╔══

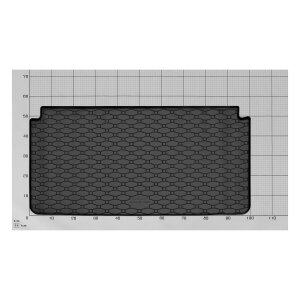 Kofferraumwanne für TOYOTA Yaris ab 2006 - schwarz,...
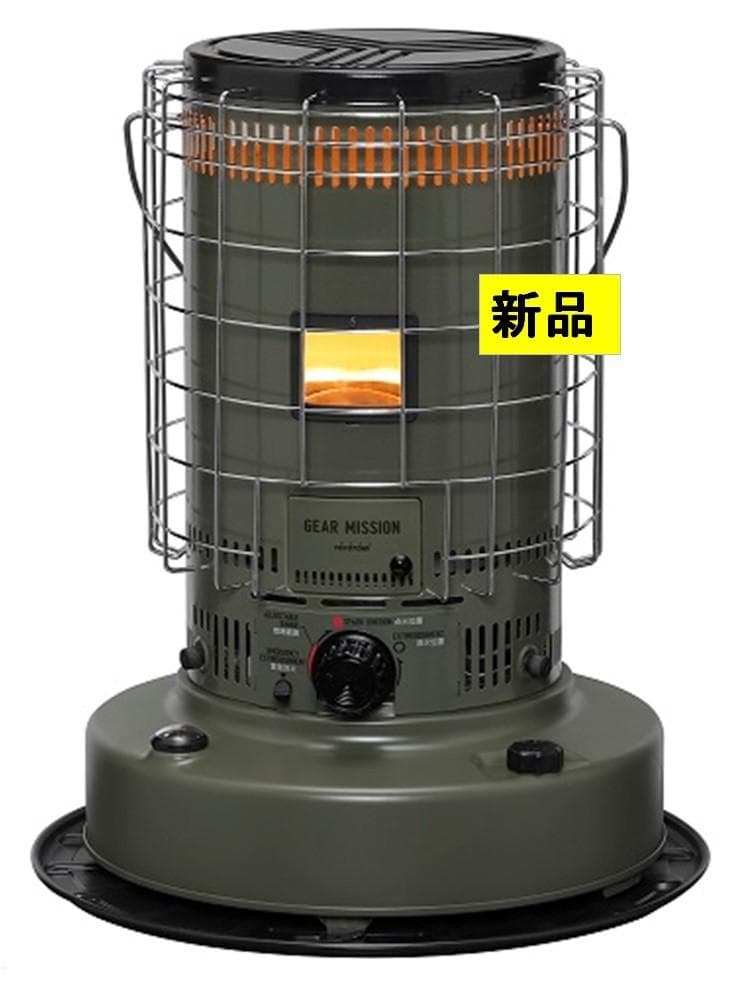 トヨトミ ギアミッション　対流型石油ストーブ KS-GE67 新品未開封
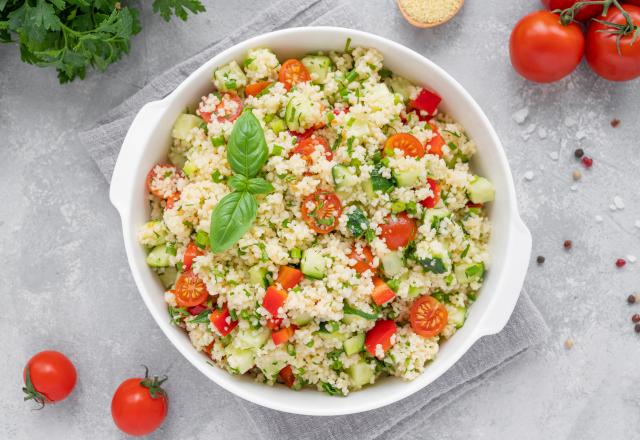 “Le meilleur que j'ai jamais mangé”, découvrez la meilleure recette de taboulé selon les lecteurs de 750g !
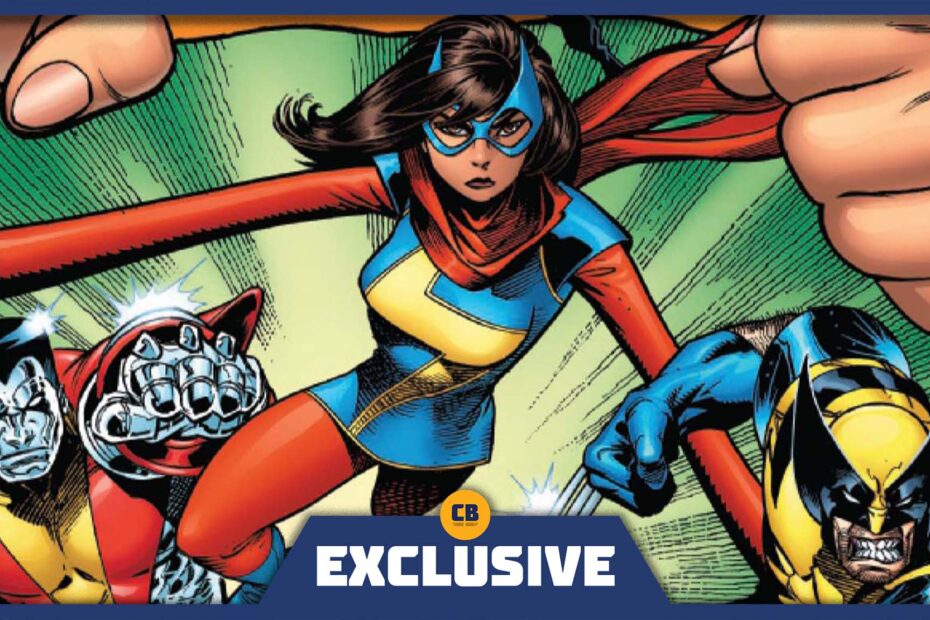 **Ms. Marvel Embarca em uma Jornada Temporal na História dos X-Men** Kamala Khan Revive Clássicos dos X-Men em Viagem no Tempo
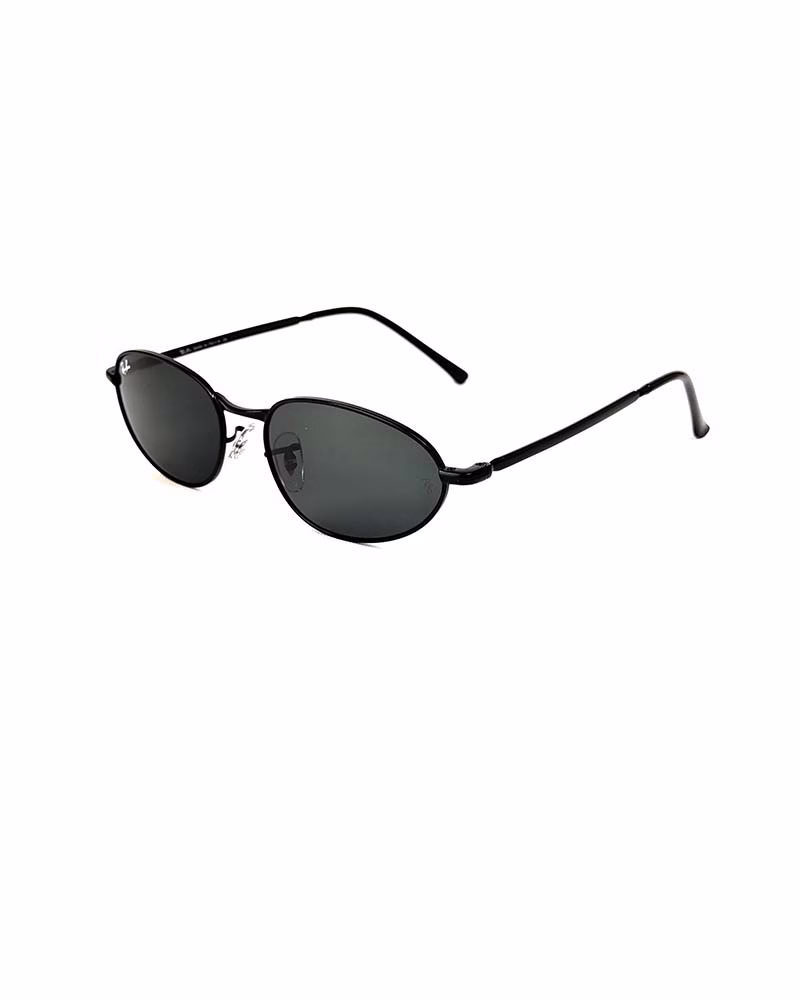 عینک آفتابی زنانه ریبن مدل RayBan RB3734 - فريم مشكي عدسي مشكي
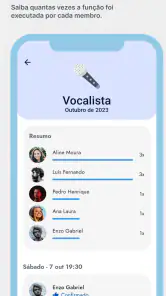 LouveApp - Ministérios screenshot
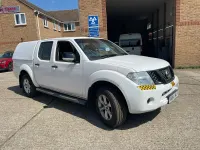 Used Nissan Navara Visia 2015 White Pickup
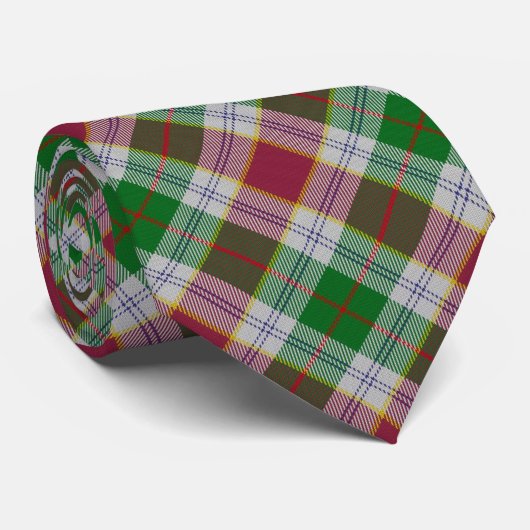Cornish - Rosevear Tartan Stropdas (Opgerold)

╚══
╔══

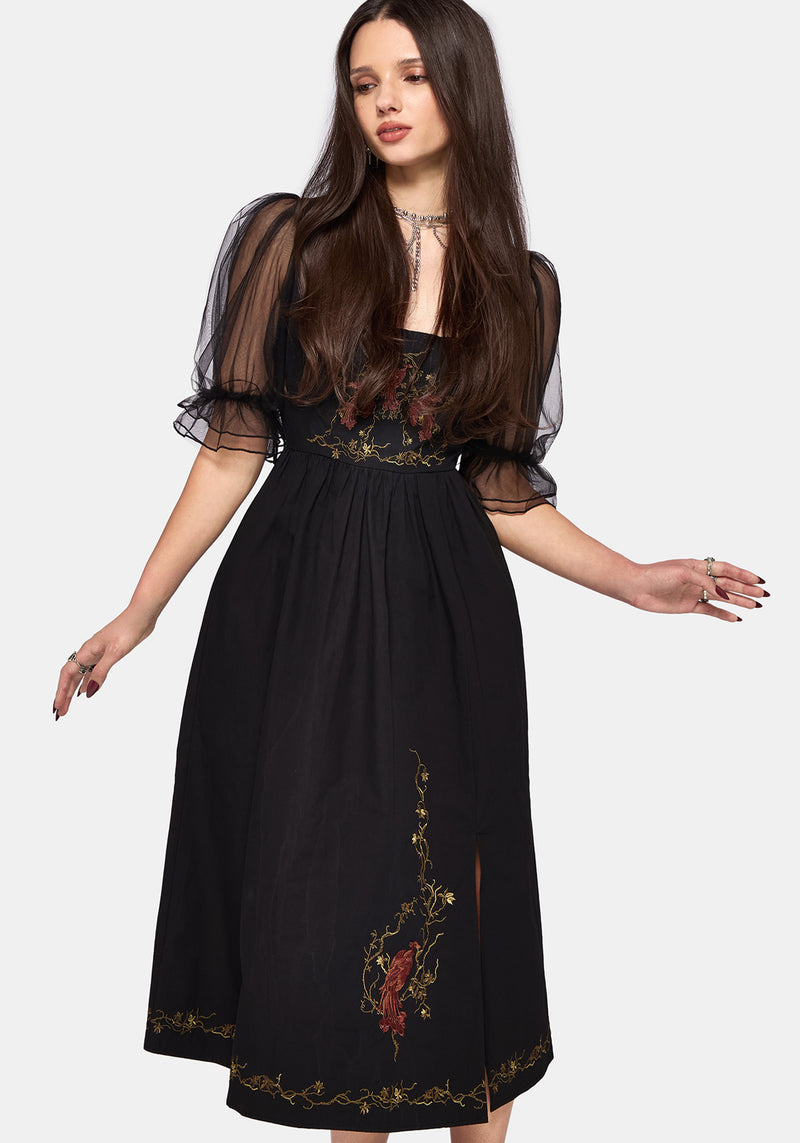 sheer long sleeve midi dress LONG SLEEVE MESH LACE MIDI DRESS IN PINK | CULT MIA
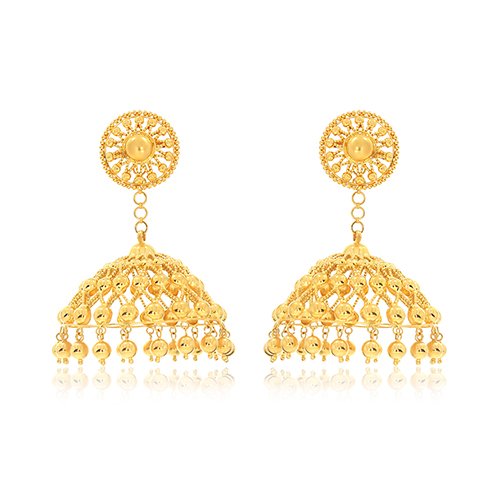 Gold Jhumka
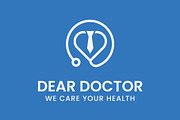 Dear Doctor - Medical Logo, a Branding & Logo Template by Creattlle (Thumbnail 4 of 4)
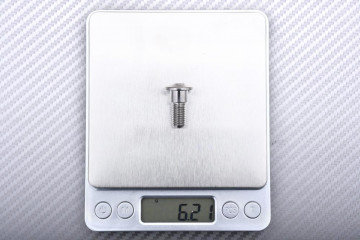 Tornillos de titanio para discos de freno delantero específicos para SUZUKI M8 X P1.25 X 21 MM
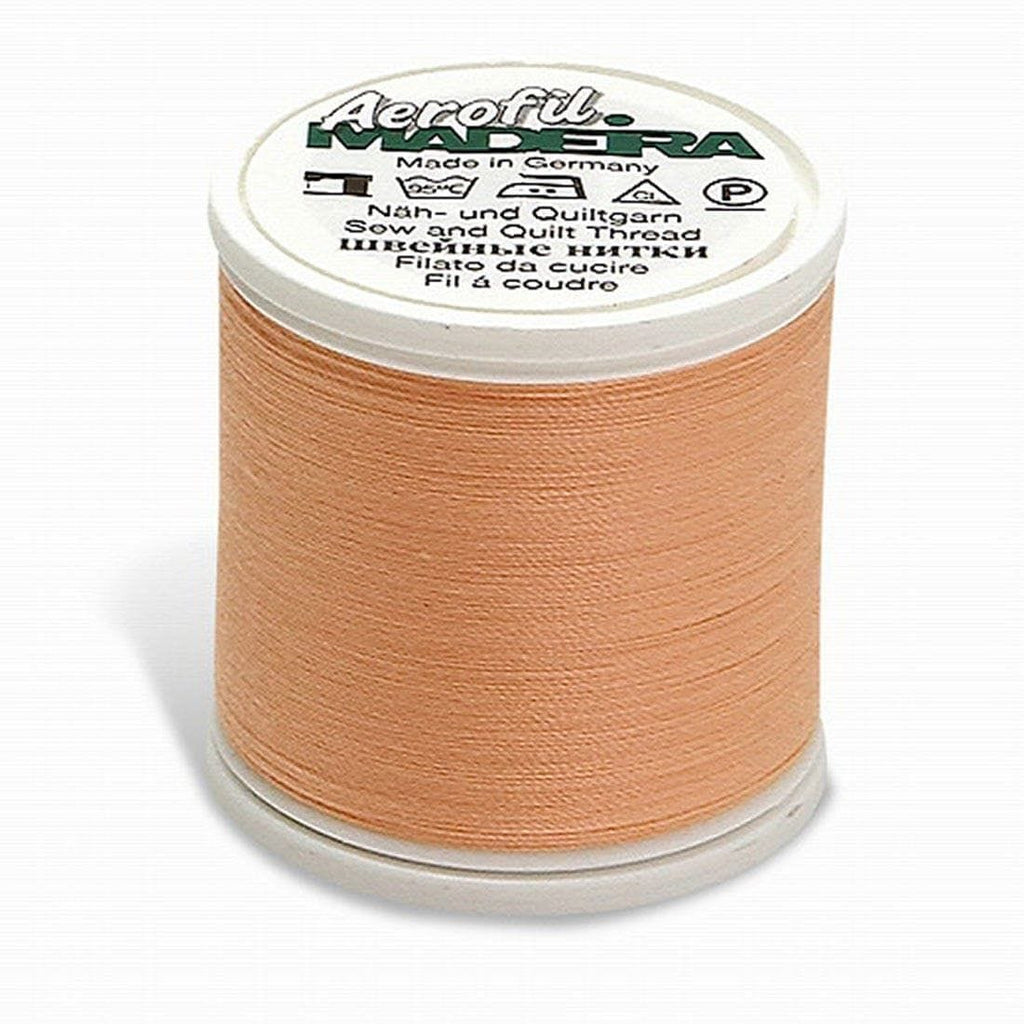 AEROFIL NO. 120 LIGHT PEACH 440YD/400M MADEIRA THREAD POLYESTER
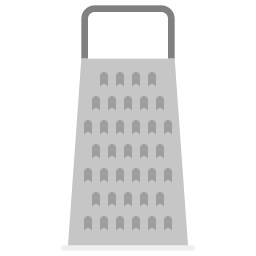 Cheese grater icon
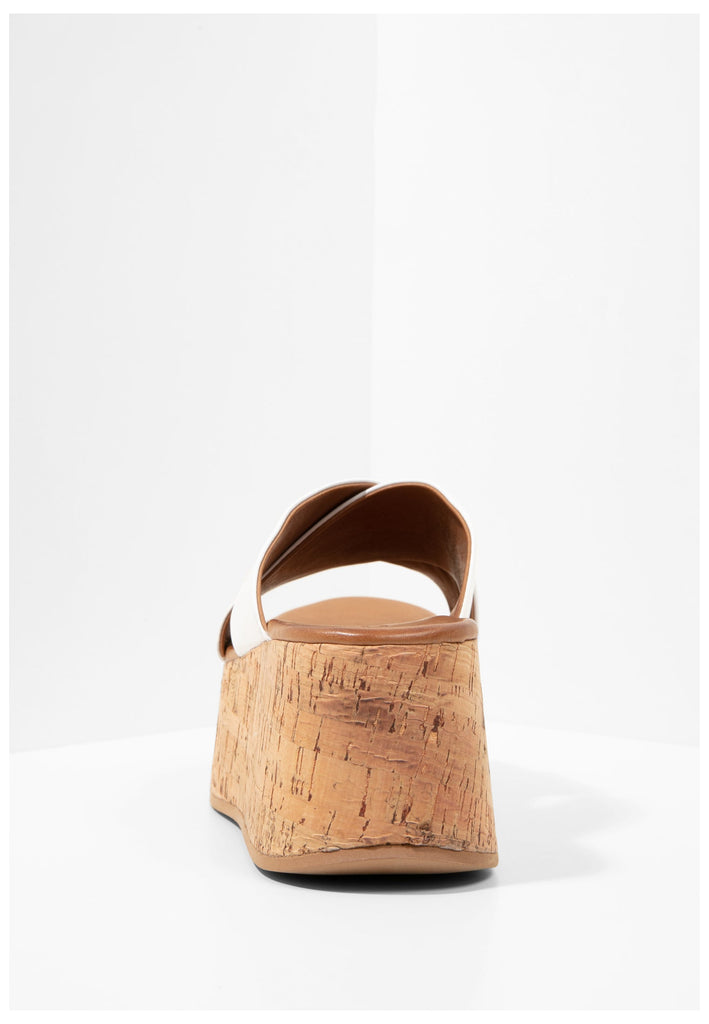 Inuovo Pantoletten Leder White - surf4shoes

╚══
╔══

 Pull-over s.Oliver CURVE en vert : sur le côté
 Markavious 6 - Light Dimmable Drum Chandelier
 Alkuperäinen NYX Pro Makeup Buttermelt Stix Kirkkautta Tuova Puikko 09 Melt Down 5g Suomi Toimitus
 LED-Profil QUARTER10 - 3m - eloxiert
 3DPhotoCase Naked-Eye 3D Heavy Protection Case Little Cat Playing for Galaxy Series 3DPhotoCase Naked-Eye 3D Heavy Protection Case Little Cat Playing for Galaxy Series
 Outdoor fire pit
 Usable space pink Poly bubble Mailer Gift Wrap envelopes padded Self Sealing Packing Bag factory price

╚══

• PROBLEM DESCRIPTION: Above are the entries. Output exactly the lines beginning with the line that has "Alkuperäinen NYX Pro" and ending with the line that has "Usable space pink".

• FINAL ANSWER:
 Alkuperäinen NYX Pro Makeup Buttermelt Stix Kirkkautta Tuova Puikko 09 Melt Down 5g Suomi Toimitus
 LED-Profil QUARTER10 - 3m - eloxiert
 3DPhotoCase Naked-Eye 3D Heavy Protection Case Little Cat Playing for Galaxy Series 3DPhotoCase Naked-Eye 3D Heavy Protection Case Little Cat Playing for Galaxy Series
 Outdoor fire pit
 Usable space pink Poly bubble Mailer Gift Wrap envelopes padded Self Sealing Packing Bag factory price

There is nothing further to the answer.